Wenn ich nicht aus der trophonischen Höhle gekommen, nicht sehr müde gewesen wäre und nicht den folgenden Morgen ziemlich früh fort gewollt hätte, wäre mir die lustige Unterhaltung des geistlichen Harlekins noch länger vielleicht nicht unlieb gewesen. Aber ich eilte zur Ruhe und liess die Leutchen lärmen. Als ich den andern Morgen aufstand und fort wollte, fand ich in dem ganzen, grossen, nicht übel eingerichteten Hause noch keine Seele lebendig. Die Thüren waren nur von innen verriegelt und also für mich offen: aber wenn ich auch Schuft genug wär so schlechte Sottisen zu begehen, so könnte ich doch das Vertrauen so gutherziger Leutchen nicht missbrauchen. Ich trabte mit meinen schweren Stiefeln einige Mahl über den Saal weg; niemand kam, nirgends eine Bewegung. Ich klopfte an einige Zimmer; keine Antwort. Endlich kam ich an ein Zimmer das nicht verschlossen war. Ich trat hinein, und siehe, das hübsche Stückchen Erbsünde hob sich so eben aus dem Bette und entschuldigte sich freundlich, dass noch niemand im Hause wach sey. Weiss der Himmel, ob ich armes Menschenkind nicht in grosse Verlegenheit würde gerathen seyn, wenn sie nicht um ihre Schultern den Mantel geworfen hätte, den gestern Abend der geistliche Herr um die seinigen hatte. Der Mantel gab mir sogleich eine gehörige Portion Stoicismus; ich bezahlte meine Rechnung und trollte zum Tempel hinaus.

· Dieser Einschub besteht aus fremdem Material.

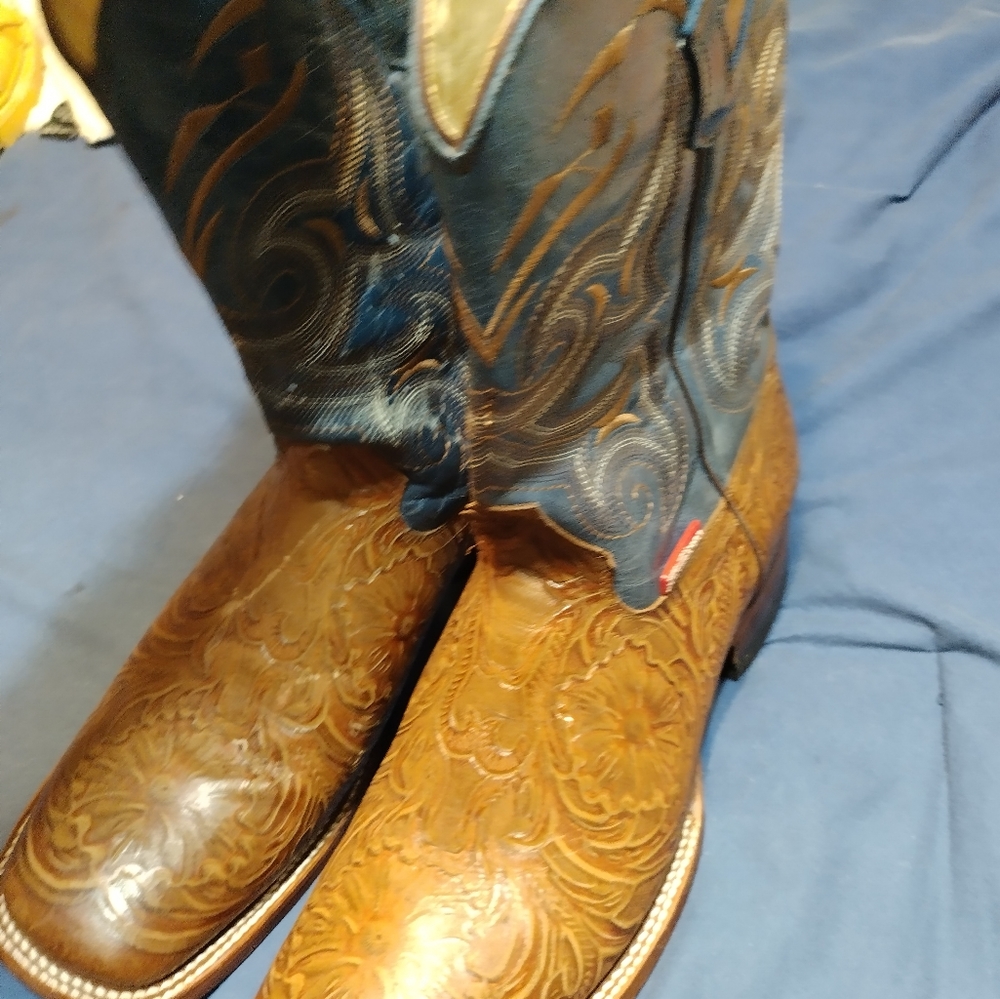Mens western boots size 9.5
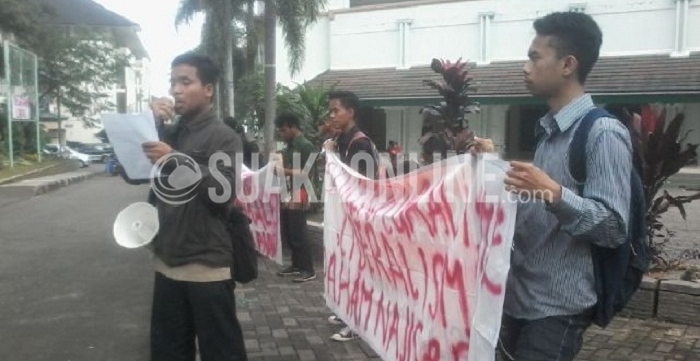 Massa aksi yang tegabung dalam Aliansi Mahasiswa Islam sedang membentangkan sepanduk berisi penolakan terhadap liberalisme di depan Fakultas Ushuludin, Senin (9/5/2016). Aksi ini dipicu oleh kabar kedatangan tokoh Jaringan Islam Liberal (JIL) Ulil Abshar Abdallah dan tokoh Syi’ah, Jalaludin Rahmat dalam acara Diskusi Lintas Mazhab yang digelar oleh Himpunan Mahasiswa Jurusan Perbandingan Mazhab dan Hukum. (Yosep Saepul Ramdan / Magang)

Du musst wissen, dass ich entweder gar nicht frühstücke, oder erst wenn ich zuvor einige Stunden gegangen bin, versteht sich wenn ich etwas finde. Seit diesem Tage machte ich mirs zum Gesetz, meine Rechnung alle Mahl den Tag vorher zu bezahlen, damit ich den Morgen auf keine Weise aufgehalten werde. In Prewald gab man mir zuerst Görzer Wein, der hier in der Gegend in besonders gutem Kredit steht und es verdient. Er gehört unter die wenigen Weine die ich ohne Wasser trank, welche Ehre, zum Beyspiel, nicht einmahl dem Burgunder widerfährt. Doch kann ein Idiot wie ich hierin eben keine kompetente Stimme haben. Von Prewald bis nach Triest sind fünf Meilen. Ich hatte den Morgen nichts gegessen, fand unterwegs kein einladendes Haus; und, mein Freund, ich machte nüchtern im Januar die fünf Meilen recht stattlich ab. In Sessana hatte mir das erste Wirthshaus gar keine gute Miene, und es hielten eine gewaltige Menge Fuhrleute davor. Der Ort ist nicht ganz klein, dachte ich, es wird sich schon noch ein anderes besseres finden. Es fand sich keins, ich war zu faul zu dem ersten zurück zu gehen, ging also vorwärts; und nun war von Sessana bis an die Douane von Triest nichts zu haben. Es ist lauter steiniger Bergrücken und es war kein Tropfen gutes Wasser zu finden: das war für einen durstigen Fussgänger das verdriesslichste. Wenn ich nicht zuweilen ein Stückchen Eis gefunden hätte, das mir den Durst löschte, so wäre ich übel daran gewesen. Die Bergspitze von Prewald sah ich bis nach Triest, und sie schien mir immer so nahe, als ob man eine Falkonetkugel hätte hinüber schiessen können. Von Schottwien bis Prewald hatte ich abwechselnd sehr viel Schnee; bey Sessana hörte er allmählich auf, und hier liegt er nur noch in einigen finstern Gängen und Schluchten. In Prewald zitterte ich noch vor Frost am Ofen und hier diesseit des Berges am Meere schwitzt man schon. Es ist heute am drey und zwanzigsten Januar, so warm, dass überall Thüren und Fenster offen stehen.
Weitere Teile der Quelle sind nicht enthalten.